Ask an Expert: Reducing the Fear Factor of Natural Disasters

    Ask an Expert: Reducing the Fear Factor of Natural Disasters

    FloodRecent news has been filled with footage of people being evacuated from their homes and waiting in line for water, food and gasoline, all of which become in high demand and short supply when disasters are forecast. While other parts of the nation face hurricanes and tropical storms, Utahns have had their share of fires and flooding in recent months. Watching the news and seeing victims of natural disasters, coupled with not knowing what to expect in the months ahead for our own region, add to a sense of unrest.

    September is National Preparedness Month, and now is a great time to review or start a family preparedness plan to help reduce the fear of things we can’t control. Taking action and being prepared is something we can control.

    The website: https://www.ready.gov/build-a-kit includes a printable disaster supplies kit guideline with ideas for “unique needs” such as for pets and seniors. Recommendations for the kit include:

    -Water - one gallon per person per day for at least three days for drinking and sanitation
    -Food - at least a three-day supply of non-perishable food
    -Battery-powered or hand crank radio and an NOAA Weather Radio with tone alert
    -Flashlight with extra batteries
    -First aid kit}
    -Whistle to signal for help
    -Dust mask to help filter contaminated air, and plastic sheeting and duct tape to seal off windows and doors if sheltering in place becomes necessary
    -Moist towelettes, garbage bags and plastic ties for personal sanitation
    -Wrench or pliers to turn off utilities
    -Manual can opener
    -Local maps
    -Cell phone with charger and backup battery
    -Cash
    -Prescriptions

     

    Additional items that are important, but add size and weight and will require additional totes or back packs, include pet supplies, changes of clothing and sleeping bags. A complete list is found at the link above.

    Assembling a kit is not a one-time-only task; it requires regular maintenance. You may need to place a re-occurring date on the calendar to update and replenish your kit. Canned and packaged foods will expire, batteries will lose power and you may think of things to add or change to better suit your needs. 

    Finally, the link also describes where to store your kits – namely in three locations:

    Home: Keep the kit in a designated place and have it ready in case you have to leave your home quickly. Make sure all family members know where it is located. Families may also benefit from storing a list in a pocket of the backpack that includes pre-determined additional valuables that can be located and loaded in 5-15 minutes if there is time, space and transportation available.

    Work: Be prepared to shelter at work for at least 24 hours. Your work kit should include food, water, comfortable walking shoes and other necessities like medicines, stored in a “grab and go” case.

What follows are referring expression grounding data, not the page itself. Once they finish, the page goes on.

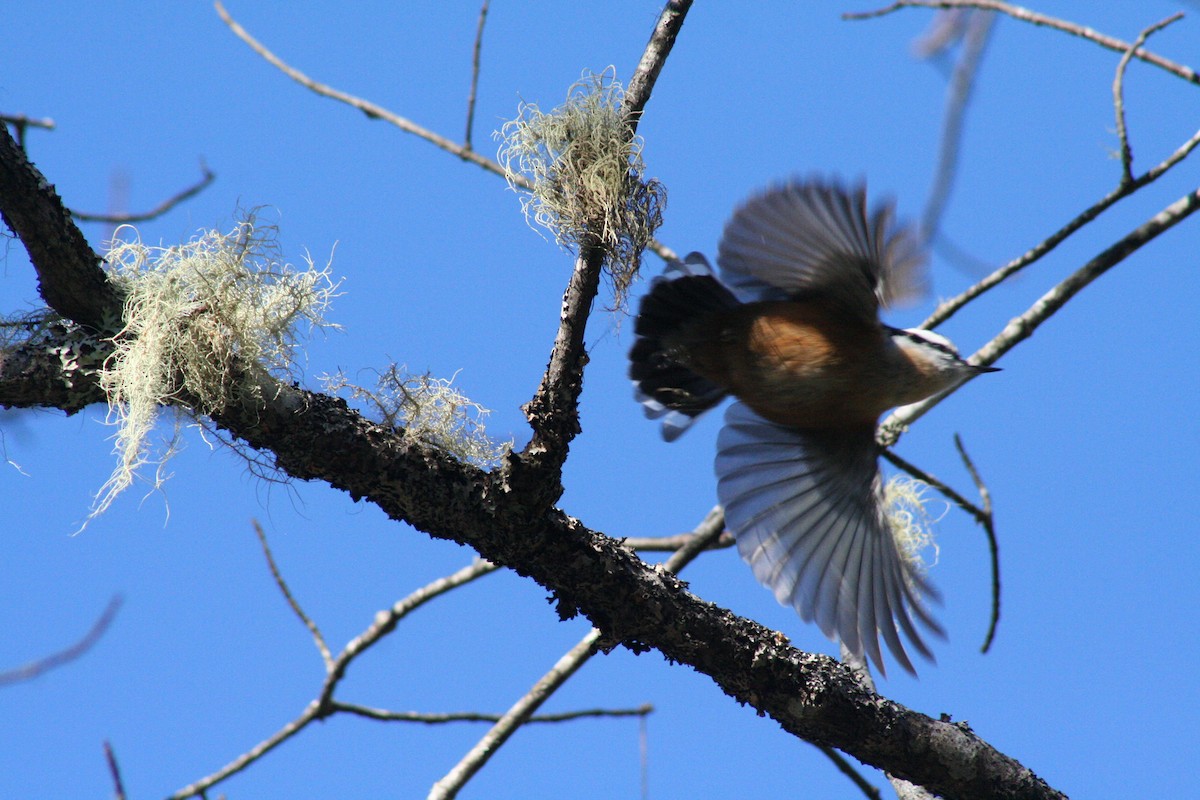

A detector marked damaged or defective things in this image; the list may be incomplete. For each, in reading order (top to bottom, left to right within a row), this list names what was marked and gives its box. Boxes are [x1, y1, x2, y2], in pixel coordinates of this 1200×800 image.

rusty-breasted bird [624, 177, 1000, 676]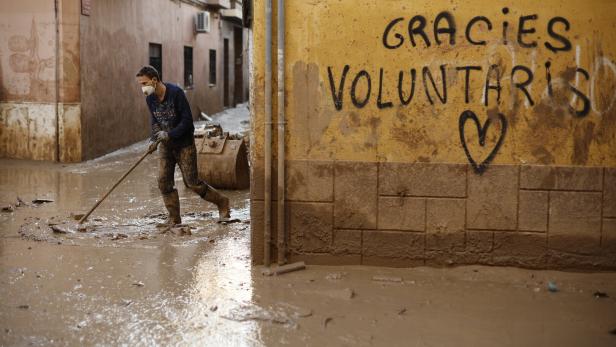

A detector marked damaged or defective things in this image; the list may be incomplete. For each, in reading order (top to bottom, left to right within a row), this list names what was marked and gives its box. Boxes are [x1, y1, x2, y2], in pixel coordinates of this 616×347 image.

yellow damaged wall [250, 0, 616, 169]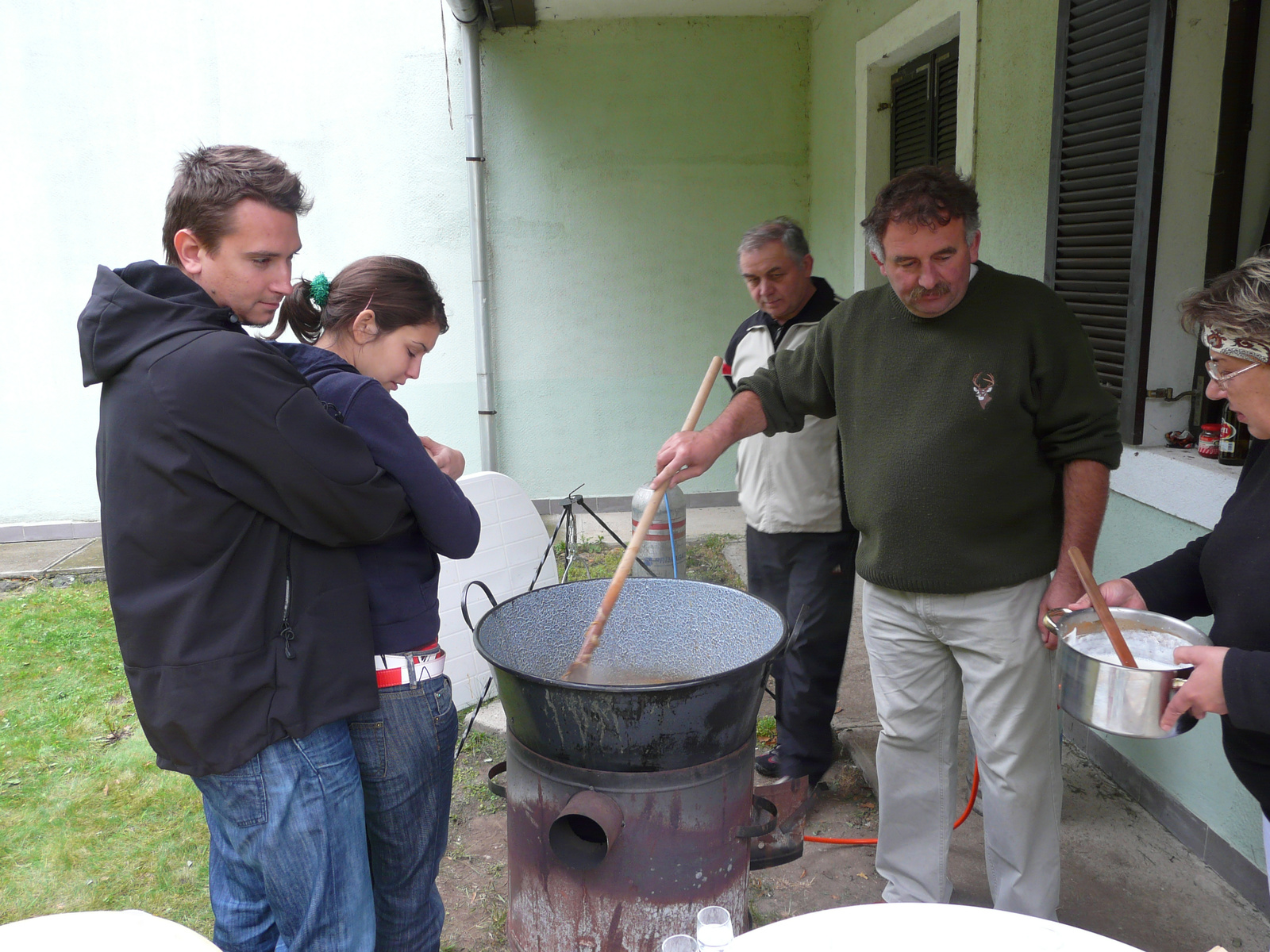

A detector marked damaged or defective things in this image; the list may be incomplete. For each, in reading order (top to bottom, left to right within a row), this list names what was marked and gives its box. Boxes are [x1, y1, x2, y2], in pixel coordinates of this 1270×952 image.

rusty metal drum [502, 736, 762, 952]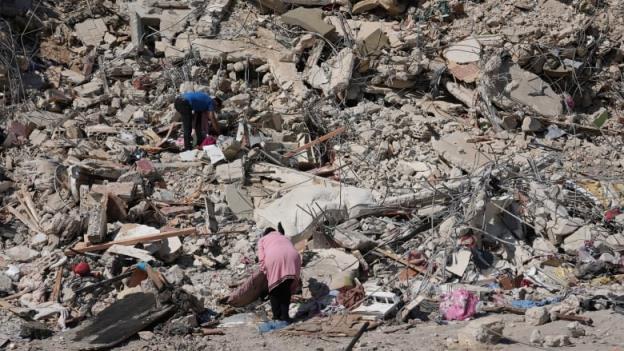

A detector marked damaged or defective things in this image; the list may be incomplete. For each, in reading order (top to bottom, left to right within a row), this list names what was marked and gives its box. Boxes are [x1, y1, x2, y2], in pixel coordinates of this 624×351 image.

broken concrete slab [282, 7, 336, 37]
broken wooden beam [282, 126, 346, 160]
broken wooden beam [67, 227, 197, 254]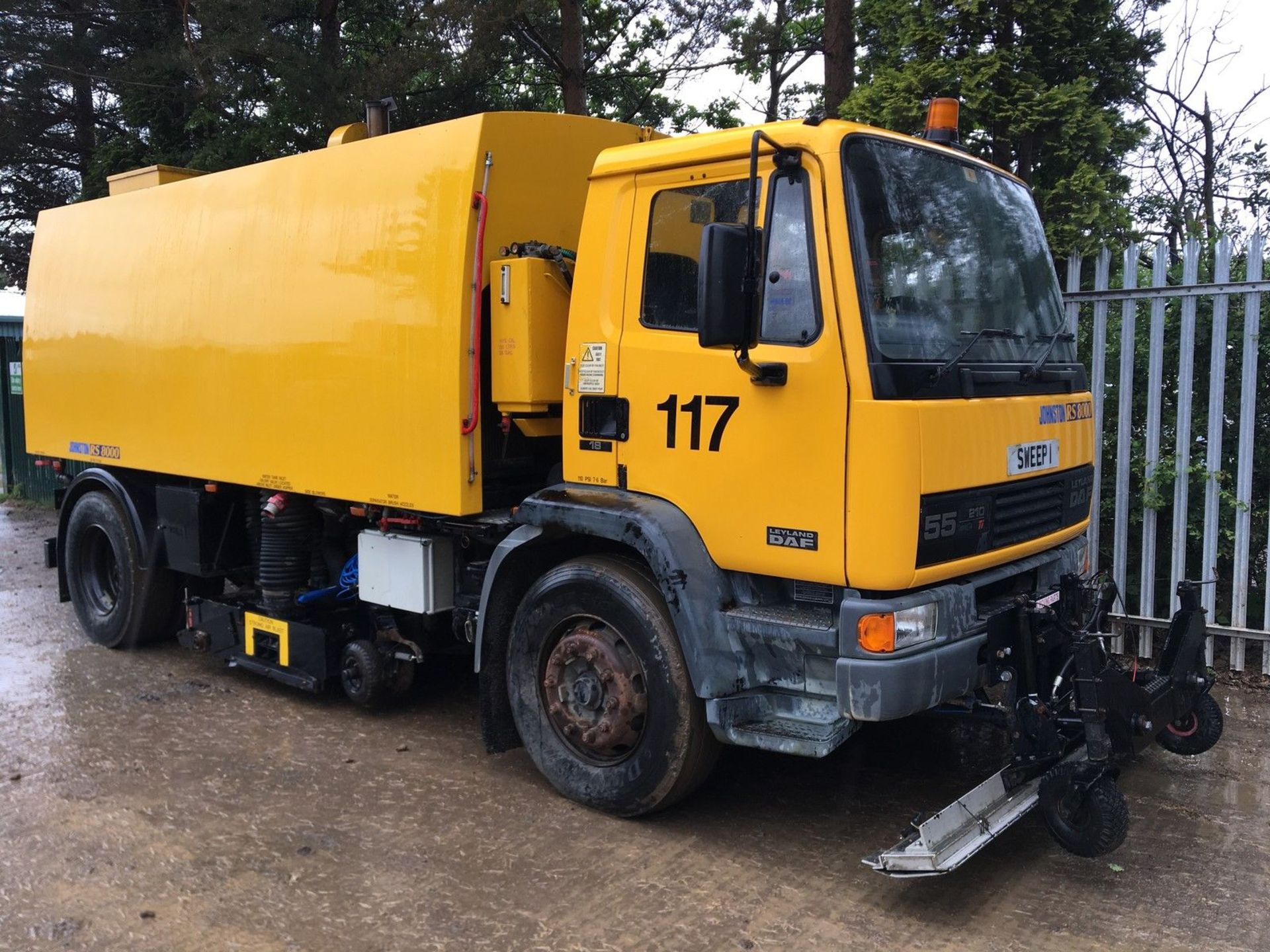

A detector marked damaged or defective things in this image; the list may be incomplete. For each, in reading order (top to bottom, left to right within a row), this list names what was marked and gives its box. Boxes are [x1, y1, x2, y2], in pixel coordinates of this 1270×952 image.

rusty wheel hub [543, 621, 650, 766]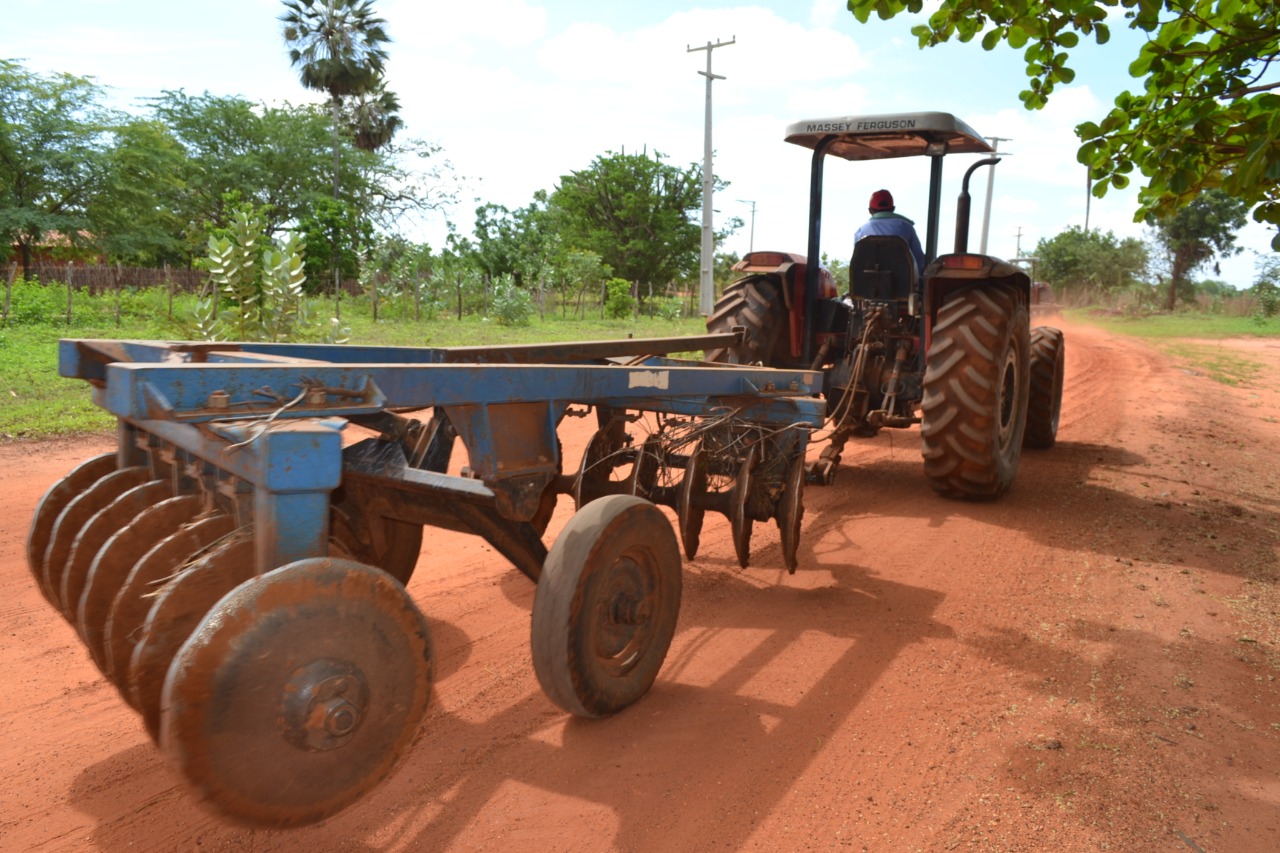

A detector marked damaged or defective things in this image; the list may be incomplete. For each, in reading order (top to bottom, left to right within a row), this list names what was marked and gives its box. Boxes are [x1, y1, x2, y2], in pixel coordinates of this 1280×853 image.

    Vehicle: In case you become stranded, keep an emergency kit in your car. It can be similar to your work kit, but you may also want to include some sort of shelter and a source of warmth should you need to leave your car.

    The key to facing potential disasters is preparedness. The suggestions for supplies are important and can reduce the fear of being hungry, cold or even injured. However, also take courage in the power of the human spirit. Heroes are born from ordinary people who accomplish extraordinary things in the face of challenges. The human race, of which we are all a part, is, and will continue to be, amazing.